Il 12 dicembre si svolgeranno le elezioni in Gran Bretagna.
Da
un lato, Boris Johnson sta giocando la campagna elettorale
incentrandola sull’accordo che l’ex-primo ministro conservatore è stato
in grado di raggiungere con i 27 dell’Unione Europea, prima
dell’indizione delle snap elections il 29 ottobre; dall’altro,
Jeremy Corbyn si è focalizzato su un vasto programma di riforme sociali
avanzate, esposte organicamente nel Manifesto del Labour: “It’s Time for Real Change”, presentato giovedì di questa settimana alla Birmingham City University.
Come riporta The Guardian, Corbyn, durante la presentazione, l’avrebbe definito: “un manifesto pieno di politiche popolari che l’establishment politico ha bloccato per una generazione”. Un programma più radicale di quello presentato alle elezioni del 2017, volute da Cameron dopo il voto sulla Brexit ed in cui i tories
persero la maggioranza, governando poi con Theresa May fino all’avvento
di “BO JO” grazie ai voti degli “unionisti” nord-irlandesi.
Il Manifesto comprende un vasto programma di nazionalizzazioni:
ferrovie, comparto energetico e delle comunicazioni, così come l’acqua e
le poste, è centrato su un incremento della spesa pubblica in
investimenti produttivi – per esempio con la creazione di una azienda
farmaceutica statale e di un banca statale d’investimento – e
soprattutto in welfare, dalla sanità all’istruzione (anche per gli
adulti), e il ritorno all’università gratuita.
Articola
il progetto di un transizione ecologica radicale – pagata attraverso un
fondo ricavato dalla tassazione delle industrie inquinanti – per
affrontare l’emergenza climatica, propone una riforma tributaria in
senso progressista che colpisca l’élite economica autoctona o
“straniera”, tra cui Amazon; parla di partecipazione dei lavoratori ai
consigli d’amministrazione, di una radicale riduzione dell’orario a
parità di salario, dell’introduzione di un salario minimo orario di 10
Sterline, di una parificazione effettiva tra le retribuzioni femminili e
quelle maschili, della ripresa in carico da parte dello Stato della
collettività con la creazione di 1000 nuovi Sure State centres, ecc.
L’accesso gratuito alla Rete Informatica, ovvero la “Free Broadband for all”
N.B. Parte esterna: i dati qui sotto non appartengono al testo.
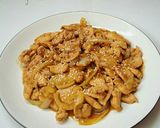 Foto langkah ke 3 dari resep Chicken teriyaki.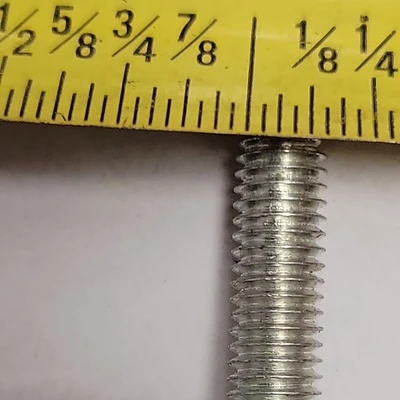 New Black Steel Thumb Screws w/Plastic Heads (QTY 8)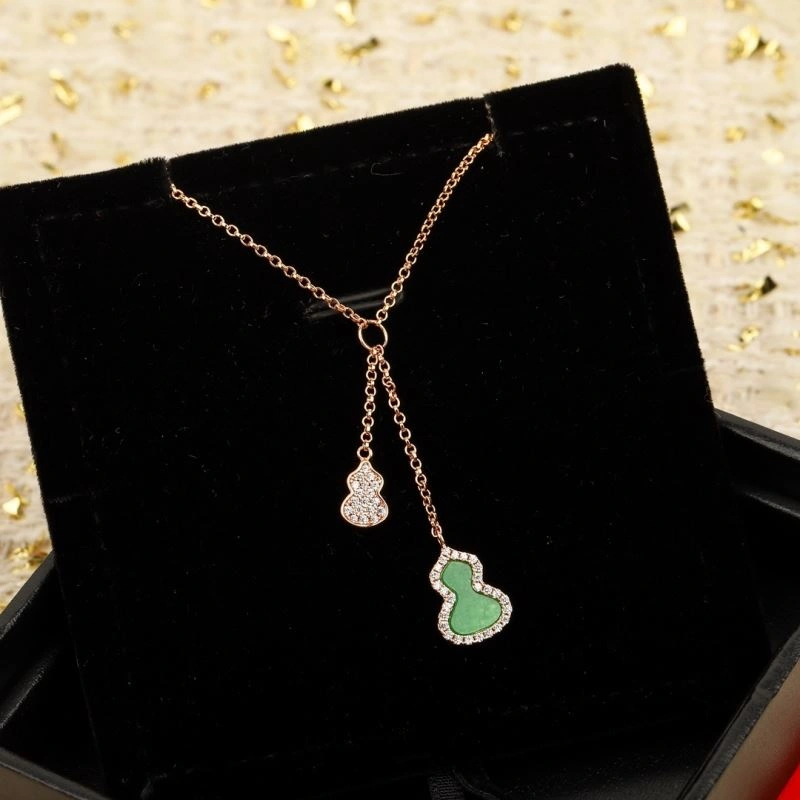 Qeelin Necklaces Durable 214118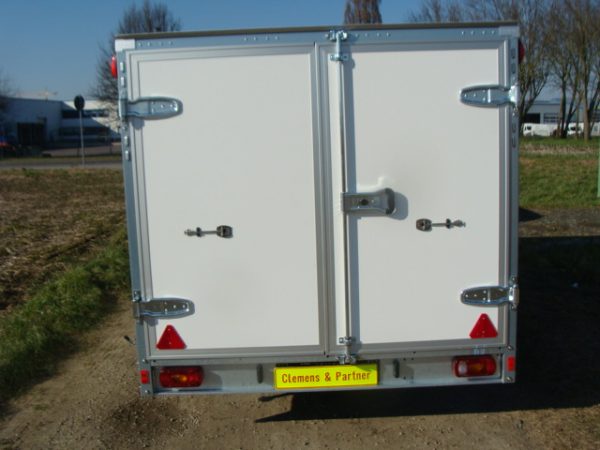 * NEU super Breit + niedrig STEMA P-Box STPK 02 13-25-18.1.P15.2 1300 kg 2550 x 1870 x 1540 2 Flügeltüren 100 km/h möglich – Bild 3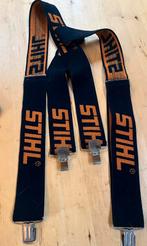 Stihl Bretels - Nieuwstaat, Ophalen of Verzenden, Zo goed als nieuw, Overige maten, Zwart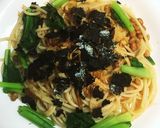 米がないので作る納豆パスタ作り方10写真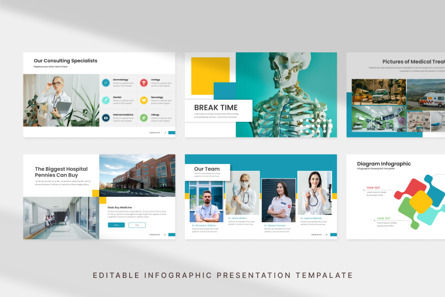 Medical Treatment - PowerPoint Template, Slide 3, 10954, Health and Recreation — PoweredTemplate.com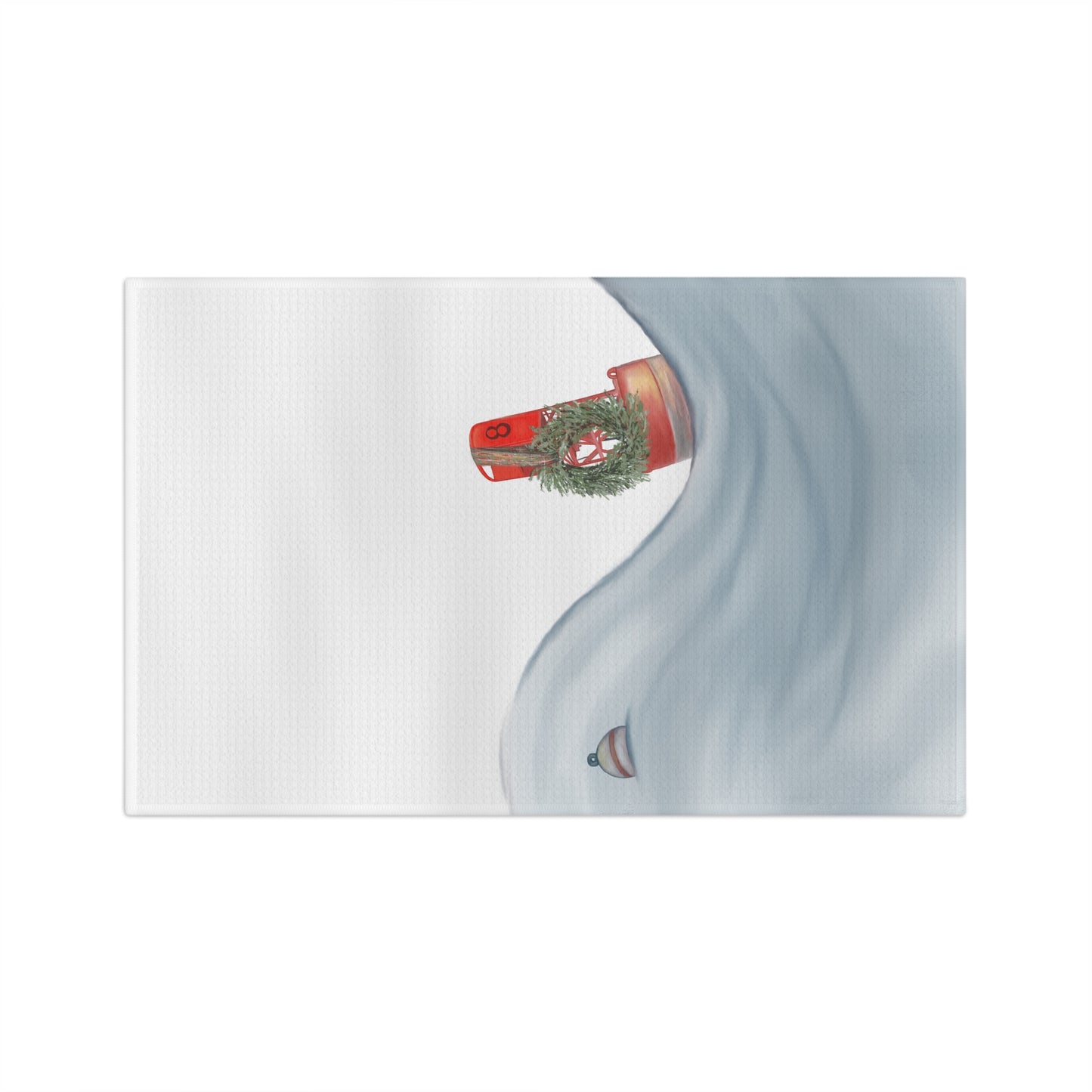 Sea Buoy Soft Tea Towel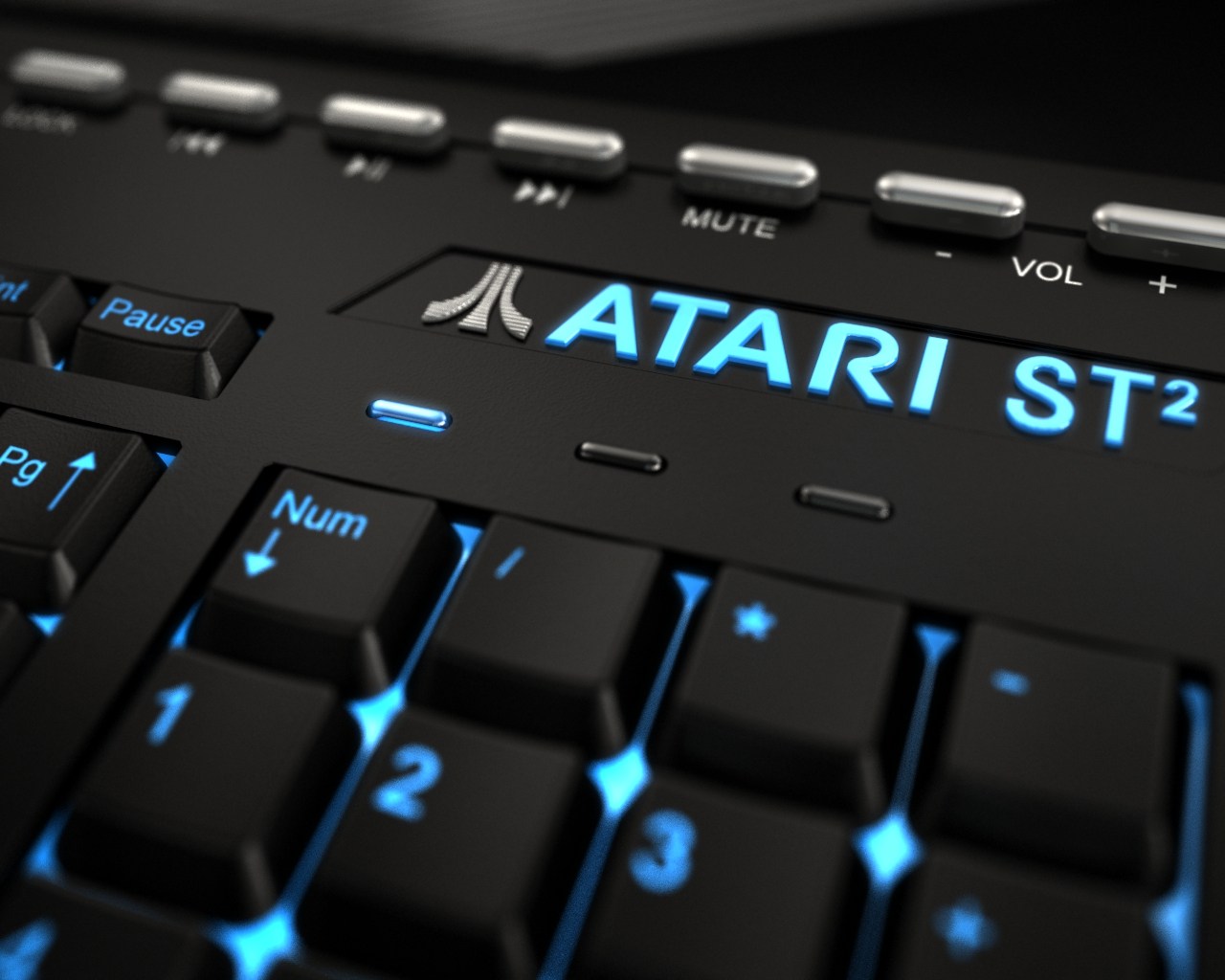 Atari St2 Closeup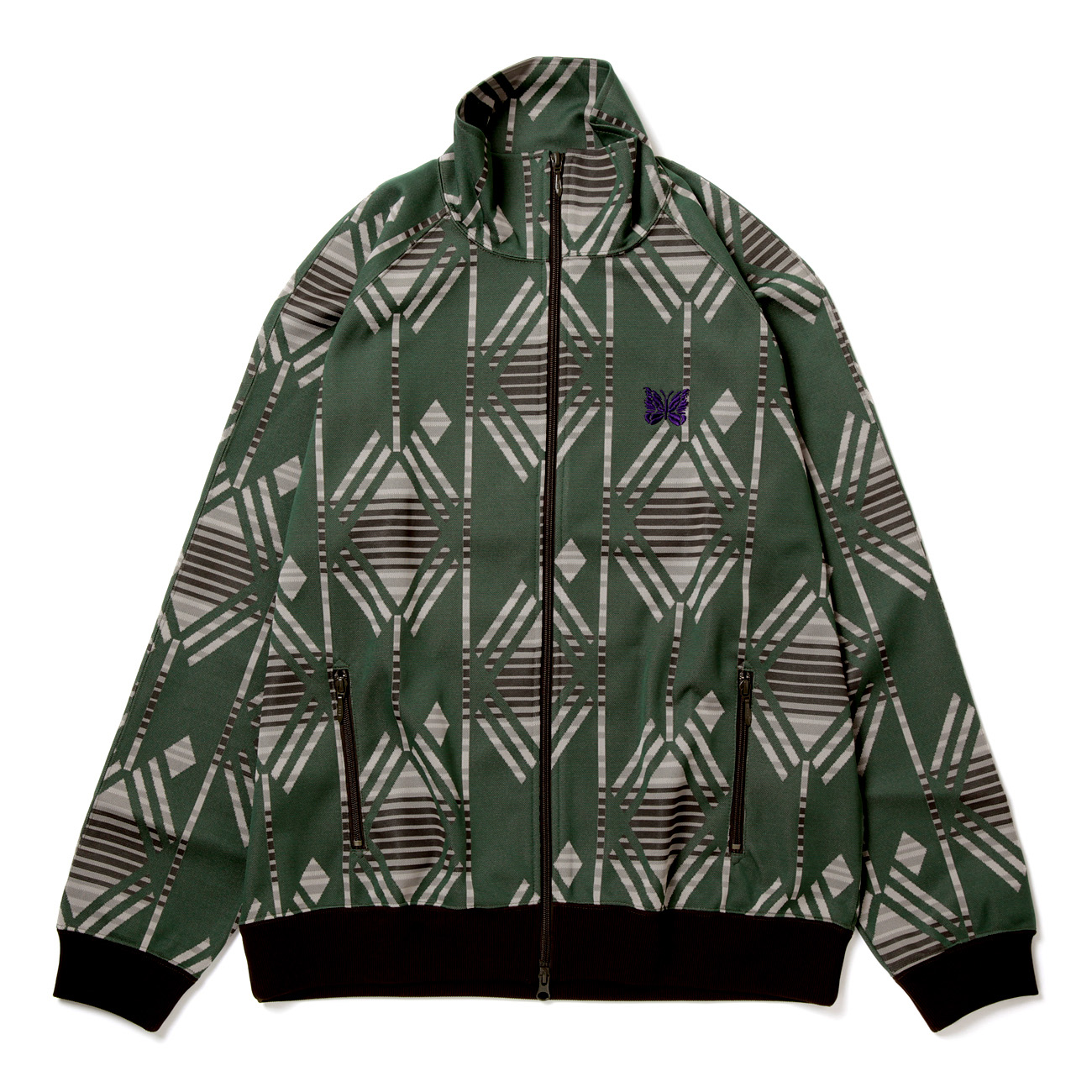 Track Jacket - Poly Jq. - Native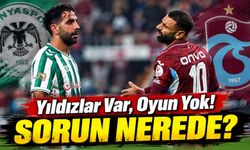 Trabzonspor’da Yıldızlar Var Oyun Yok: Sorunun Çözümü Milli Arada Mı?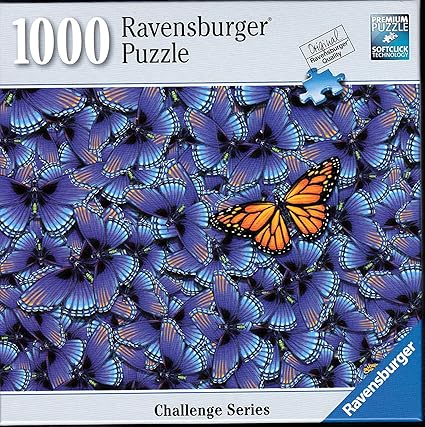 Ravensburger Butterfly Challenge 1000 Piece Puzzle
– per esempio – verrebbe finanziata con le tasse alle multinazionali
del settore tecnologico e con la parziale ri-nazionalizzazione della
British Telecom…
Per
dare un’idea di come il tema dell’incremento della spesa pubblica sia
al centro della campagna – anche per gli stessi Conservatori –
riportiamo i dati forniti dall’IFS (Institute for Fiscal Study), un
organismo indipendente che ha valutato in 55 miliardi di Sterline, cioè
64 miliardi di Euro, le spese d’investimento previste dal partito
Laburista, contro i 20 miliardi dei Tories, che puntano la
propria narrazione riguardo ai temi sociali solo sulla riduzione delle
tasse per i salari più bassi e la promessa di costruire un milione di
case nei prossimi cinque anni. Mentre il Labour parla nel Manifesto di edificare 150.000 alloggi sociali l’anno, a basso costo ma “ad alta qualità di risparmio energetico”.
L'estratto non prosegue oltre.